Годины - [3]

Шрифт
Интервал

Паровоз дотянул эшелон до полустанка. Объявили приказ о выгрузке. Уже сняты были растяжки, уложены стальные ленты, приставлены шпалы к последней платформе, на которой стояла их новенькая «тридцатьчетверка», Макар уже готовился залезать в свой люк и задержался: такой спокойной, мягкой тишины он не слышал за многие дни торопливого пути сюда, на фронт. Пели птицы. Он хорошо помнил, что птицы пели в частых елях, подступающих к разъезду с восточной стороны. В другую сторону, под низкое солнце, уходило открытое поле; высокая, уже в колосе, ржица спокойно стояла, дожидаясь своего срока. «Дозреть-то дозреешь. Найдутся ли руки тебя убрать?..» — думал Макар; безлюдно было вокруг, покинутым гляделся и единственный на станции домик, с растворенными окнами, с распахнутой дверью, А ржица стояла, она была из той, еще мирной, жизни, и грустно было смотреть на поспевающие в безлюдье хлеба. Рядом, на броне, был командир, молоденький их лейтенантик. На спешной формировке и на пути сюда, к фронту, Макар так и не определился в своем отношении к новому для него человеку. Понимал: бой — это не поле пахать, в бою каждый из них, втиснутый в свое место, будет поступать уже не по своему разумению — будет под властью ума и умения командира. А вот какой ум и уменье у мальчишки в неполные девятнадцать — этого-то Макар с твердостью определить и не мог. И хотя сам был аккуратен в своих водительских обязанностях, исполнителен в. командах, думал, наблюдая губастенького, с нежной застенчивостью в глазах лейтенанта: «Не командир еще!..» Скребла по сердцу мыслишка — как еще скребла! — не по опыту, не по возрасту доверили машину: «тридцатьчетверок» всего-то на весь эшелон было четыре!..

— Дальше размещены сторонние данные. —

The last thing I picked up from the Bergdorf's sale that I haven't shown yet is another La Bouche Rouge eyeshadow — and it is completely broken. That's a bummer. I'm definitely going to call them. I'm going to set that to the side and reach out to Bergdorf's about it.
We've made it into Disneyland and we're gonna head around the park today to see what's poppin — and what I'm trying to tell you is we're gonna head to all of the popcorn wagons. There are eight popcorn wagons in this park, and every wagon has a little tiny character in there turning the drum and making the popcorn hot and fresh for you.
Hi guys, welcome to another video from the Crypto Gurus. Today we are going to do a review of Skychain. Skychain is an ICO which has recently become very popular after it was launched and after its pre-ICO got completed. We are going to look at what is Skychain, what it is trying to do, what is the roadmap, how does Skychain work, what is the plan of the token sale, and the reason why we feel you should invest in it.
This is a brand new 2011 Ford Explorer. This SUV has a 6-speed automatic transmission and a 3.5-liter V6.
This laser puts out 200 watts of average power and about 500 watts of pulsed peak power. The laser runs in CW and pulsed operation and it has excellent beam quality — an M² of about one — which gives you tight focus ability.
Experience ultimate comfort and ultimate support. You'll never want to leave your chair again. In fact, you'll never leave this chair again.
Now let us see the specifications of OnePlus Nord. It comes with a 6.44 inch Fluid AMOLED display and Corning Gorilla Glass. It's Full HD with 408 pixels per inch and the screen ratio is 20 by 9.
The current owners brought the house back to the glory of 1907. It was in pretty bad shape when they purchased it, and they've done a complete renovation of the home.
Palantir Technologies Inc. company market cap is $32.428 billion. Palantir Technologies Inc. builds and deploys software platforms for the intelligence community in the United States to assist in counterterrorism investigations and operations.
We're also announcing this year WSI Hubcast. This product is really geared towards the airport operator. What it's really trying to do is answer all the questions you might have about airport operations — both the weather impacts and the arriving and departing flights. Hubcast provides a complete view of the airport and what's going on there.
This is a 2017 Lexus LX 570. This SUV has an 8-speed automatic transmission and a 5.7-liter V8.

Потому Макар как-то даже оторопел, услышав доверительный голос: «Хорошо-то как, Разуваев! Косить — самая пора…» Какое-то созвучие тому, что было у него на душе, услышал Макар в голосе лейтенанта, хотел было по-доброму ответить, да — выбрала же война минуту! — на дальнем краю поля, ниже багрового, располневшего к заходу солнца, замелькали быстрые огни.

Что это за огни, он понял, когда рвануло насыпь у колес соседней платформы, и тихий вечер взвыл, и земля загрохотала от падающих на полустанок снарядов.

Макар не помнил, как оказался за рычагами, как запустил мотор, сквозь гул и удары донесся до него, словно задавленный в горле, испуганный крик;

— Поше-ел!..

Макар двинул танк на косо приставленные, к платформе шпалы; заставил себя на минуту забыть об огне, озаряющем все вокруг, сосредоточенно свел машину и, когда траки лязгнули о рельсы и танк осел, рванул его к откосу и дальше вниз, в затишь низины. Что было потом, вспоминалось Макару не само но себе, все накрепко связалось каким-то особенным образом с лейтенантом, с молоденьким их командиром. Пока, подхлестнутый испуганным его криком, Макар гнал танк, прикрываясь спасительной высотой насыпи, лейтенант как будто срывал с мальчишеской своей души все, что было на ней прежде, что мешало, как хорошие одежды мешают в черной работе: растерянность, мягкость, робость непривычной власти. Первая же его команда: «Стой, Разуваев! Куда?!», в которой еще слышался казнящий себя стыд за испытанный страх, объявила в нем командира.

— Через насыпь, Разуваев! Во фланг! — скомандовал вдруг ожесточившимся голосом лейтенант, и Макар с готовностью подчинил себя почувствованной командирской воле.

Он запомнит на всю жизнь то, что увидел с высоты насыпи.

По открытому разливу хлебов широким полукругом шли к железнодорожному разъезду чужие танки, покачивали темными угловатыми лбами, на ходу жалили густой вечерний воздух языками огня. На полустанке пылали платформы. В пламени стояли танки; их пушки, повернутые в сторону поля, стреляли, — там, в огне, в бою, погибал их эшелон. На что-то надеясь, Макар придержал машину, увидел, как с задней, еще не разбитой, платформы сполз танк соседа Артюхова, тут же, словно пластаясь по насыпи, понесся по шпалам к ним. Выползала из пламени на заднюю платформу еще одна «тридцатьчетверка» — Коноваленко. Но полыхнувший взрыв подломил угол платформы, танк Коноваленко осел, как тонущий корабль.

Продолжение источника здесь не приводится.